Vos me has mentido. Empezaste mal. Primero me dijiste que no lo
conocías a Franco y después que sí.
—Bueno
—musita M—, ya le dije qué pasaba...
—¿Qué
pasaba —insiste Rojas.
—Vea,
tengo miedo de Franco. Es capaz de hacerme cualquier cosa.
La
cara del subcomisario aparece maciza, inexpresiva:
—¿Cuánto
ganás?
—Mire
—dice M—, con mi mujer apenas si alcanzamos a sacar 3 mil pesos
por semana.
—Sin
embargo, estás gastando 30 mil por mes —dispara Rojas—. ¿De
dónde sacás la diferencia?
—No,
señor, qué esperanza —farfulla M—. Si éste es el único
pantalón que tengo... Rojas lo mira con sorna:
—No
sigás. Anoche estuve en tu casa. Hay por lo menos una docena de
trajes.
El
sospechoso se calla, parece abrumado. Rojas remueve la llaga:
—Y
tu hermano, ¿tu hermano no ha visto en estos días a Franco o a
Miloro?
—No,
señor... De ninguna manera...
—¿Pondrías
las manos en el fuego por tu hermano?
—Sí,
señor —dice M—, pondría las manos en el fuego.
Otro
de los policías saca un encendedor, lo enciende y lo aproxima a la
cara de M:
—Dale,
poné tu mano.
La
banda de Miloro y Franco es quizá la última de las bandas
sólidamente organizadas. Ya se habían desmoronado casi todas por la
violenta acción policial de los últimos meses. La de Meneses, entre
otros hombres.
Entre
el viernes y el lunes, algunos diarios apuntaron que Evaristo Meneses
había sido designado para investigar el asalto. Oficialmente, no hay
nada de eso. Meneses trabaja casi por cuenta propia, con apenas 3
empleados.
(...)
Pero,
hasta el cierre de esta edición, los resultados son mínimos. (...)

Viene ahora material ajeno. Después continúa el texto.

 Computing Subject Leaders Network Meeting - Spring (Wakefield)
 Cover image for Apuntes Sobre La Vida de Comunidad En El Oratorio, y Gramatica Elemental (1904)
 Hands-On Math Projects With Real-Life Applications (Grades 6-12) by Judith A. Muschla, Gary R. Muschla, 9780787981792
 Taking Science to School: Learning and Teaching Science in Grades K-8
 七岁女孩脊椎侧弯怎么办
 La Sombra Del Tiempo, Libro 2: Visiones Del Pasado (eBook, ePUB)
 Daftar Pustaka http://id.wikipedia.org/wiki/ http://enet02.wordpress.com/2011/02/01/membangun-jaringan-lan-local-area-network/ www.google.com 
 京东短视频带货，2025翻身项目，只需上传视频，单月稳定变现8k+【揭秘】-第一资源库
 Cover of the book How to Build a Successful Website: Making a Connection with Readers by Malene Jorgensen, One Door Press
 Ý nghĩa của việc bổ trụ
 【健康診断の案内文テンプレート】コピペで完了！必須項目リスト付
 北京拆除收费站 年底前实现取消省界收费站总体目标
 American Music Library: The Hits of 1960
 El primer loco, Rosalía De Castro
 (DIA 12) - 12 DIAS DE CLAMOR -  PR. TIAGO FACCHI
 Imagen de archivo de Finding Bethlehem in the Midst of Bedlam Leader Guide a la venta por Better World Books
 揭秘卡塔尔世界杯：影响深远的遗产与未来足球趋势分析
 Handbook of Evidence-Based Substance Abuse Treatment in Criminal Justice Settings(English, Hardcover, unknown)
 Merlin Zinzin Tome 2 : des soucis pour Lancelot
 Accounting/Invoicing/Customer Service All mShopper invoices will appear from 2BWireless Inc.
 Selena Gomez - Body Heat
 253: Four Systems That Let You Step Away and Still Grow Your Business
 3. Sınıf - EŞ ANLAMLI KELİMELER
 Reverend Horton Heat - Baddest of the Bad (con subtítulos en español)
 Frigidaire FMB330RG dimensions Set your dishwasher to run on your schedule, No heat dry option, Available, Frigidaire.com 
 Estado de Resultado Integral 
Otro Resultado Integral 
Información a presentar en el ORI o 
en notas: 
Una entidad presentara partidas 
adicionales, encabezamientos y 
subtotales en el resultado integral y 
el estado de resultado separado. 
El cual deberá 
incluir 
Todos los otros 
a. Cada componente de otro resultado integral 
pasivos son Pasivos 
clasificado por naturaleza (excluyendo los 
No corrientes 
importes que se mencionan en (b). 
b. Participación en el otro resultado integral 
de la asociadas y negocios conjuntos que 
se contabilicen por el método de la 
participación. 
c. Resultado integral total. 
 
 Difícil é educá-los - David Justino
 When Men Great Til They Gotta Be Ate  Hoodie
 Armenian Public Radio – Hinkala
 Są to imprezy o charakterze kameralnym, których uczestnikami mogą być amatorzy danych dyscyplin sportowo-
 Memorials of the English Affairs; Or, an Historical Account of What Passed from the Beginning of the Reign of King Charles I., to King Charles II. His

Ahora, el Departamento está estudiando todos los rastros que tiene
entre manos. Se examinan con minucia los movimientos de los 700
empleados de la Policlínica y de aquellos que renunciaron o fueron
despedidos en los últimos meses. El cerco parece cerrarse.
Pero todavía nadie puede decir cuándo el insomnio, el ajetreo y la tensión de estos hombres lanzados a la caza pueden estallar, como una bomba, en el refugio de los asesinos.”